**About this exercise:**
Only the pictures are to be omitted; everything else in the listing must be reproduced exactly.

**Information supplied:**
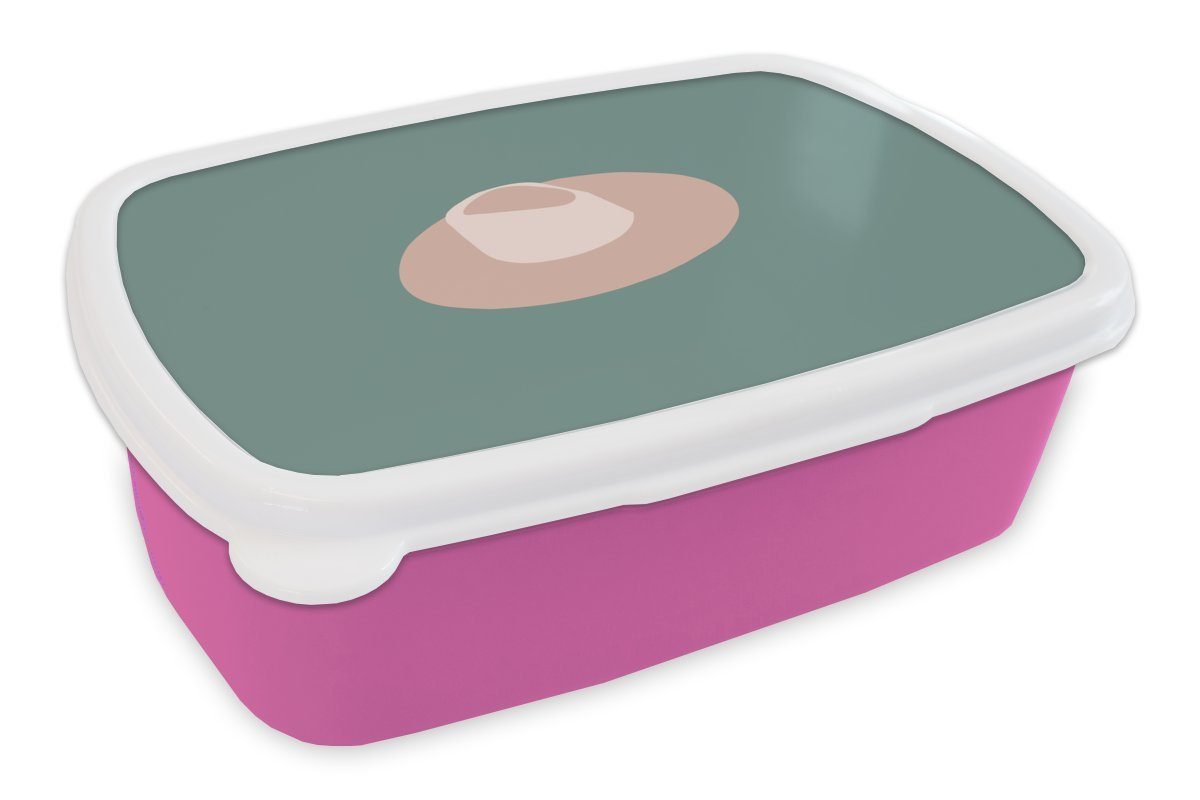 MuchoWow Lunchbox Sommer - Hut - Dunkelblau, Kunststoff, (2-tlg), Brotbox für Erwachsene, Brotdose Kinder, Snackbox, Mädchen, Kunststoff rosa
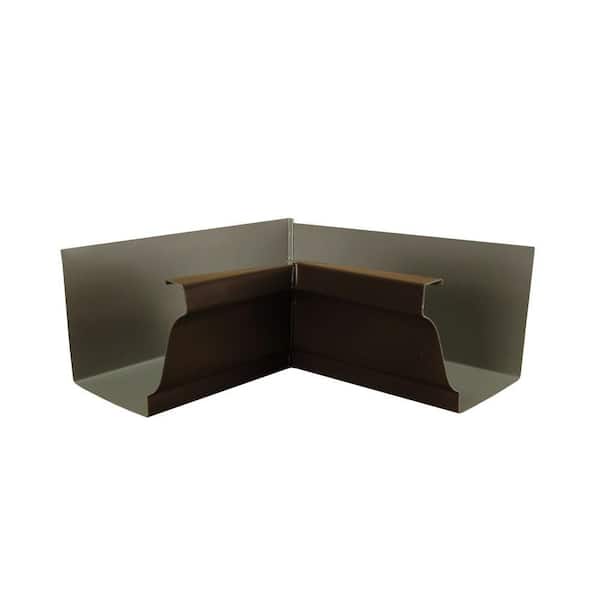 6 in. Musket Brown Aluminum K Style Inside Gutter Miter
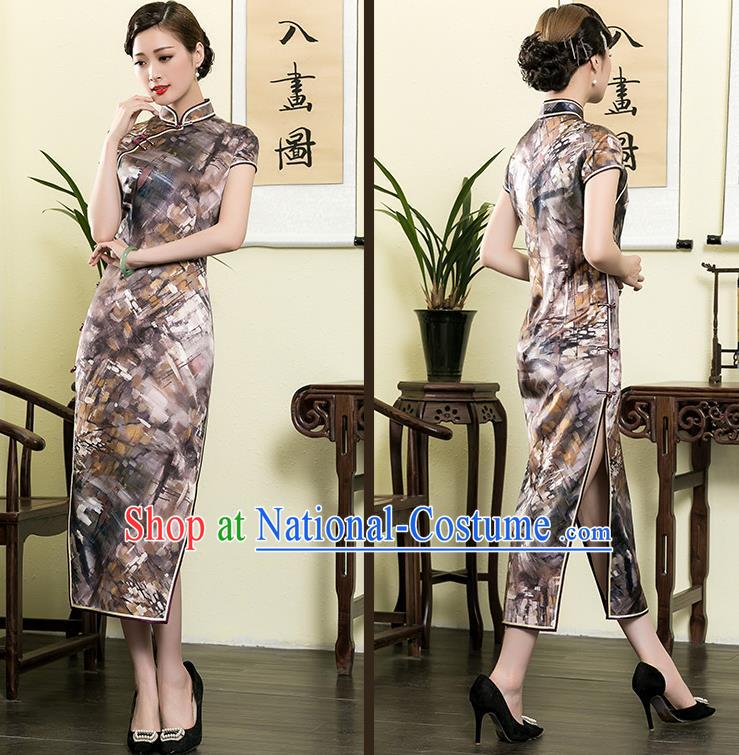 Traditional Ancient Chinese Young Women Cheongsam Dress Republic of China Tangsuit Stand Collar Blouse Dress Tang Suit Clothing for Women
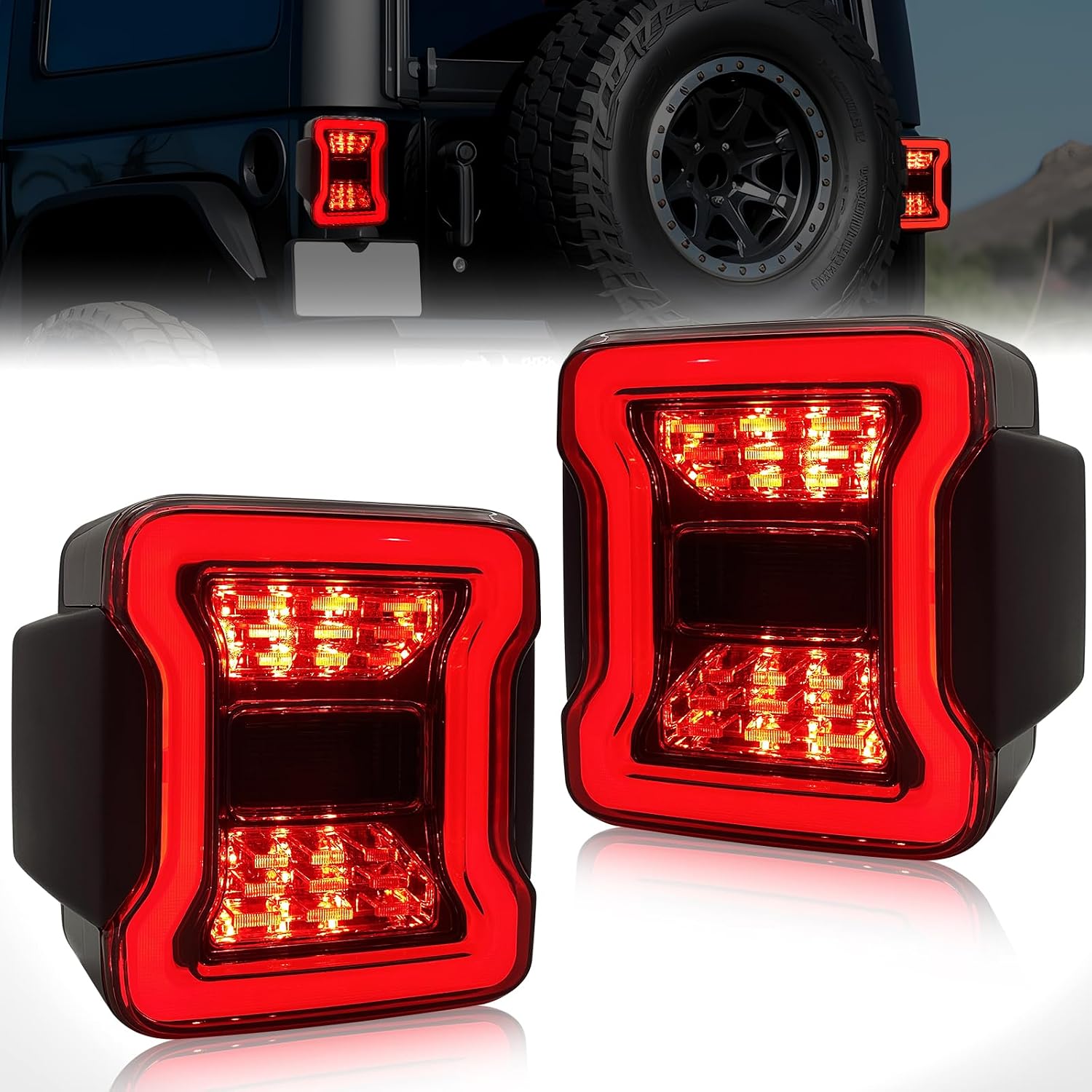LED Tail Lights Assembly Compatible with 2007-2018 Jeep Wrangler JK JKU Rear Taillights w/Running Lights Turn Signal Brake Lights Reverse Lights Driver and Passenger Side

**Solution for this problem:**
 MuchoWow Lunchbox Sommer - Hut - Dunkelblau, Kunststoff, (2-tlg), Brotbox für Erwachsene, Brotdose Kinder, Snackbox, Mädchen, Kunststoff rosa
 6 in. Musket Brown Aluminum K Style Inside Gutter Miter
 Traditional Ancient Chinese Young Women Cheongsam Dress Republic of China Tangsuit Stand Collar Blouse Dress Tang Suit Clothing for Women
LED Tail Lights Assembly Compatible with 2007-2018 Jeep Wrangler JK JKU Rear Taillights w/Running Lights Turn Signal Brake Lights Reverse Lights Driver and Passenger Side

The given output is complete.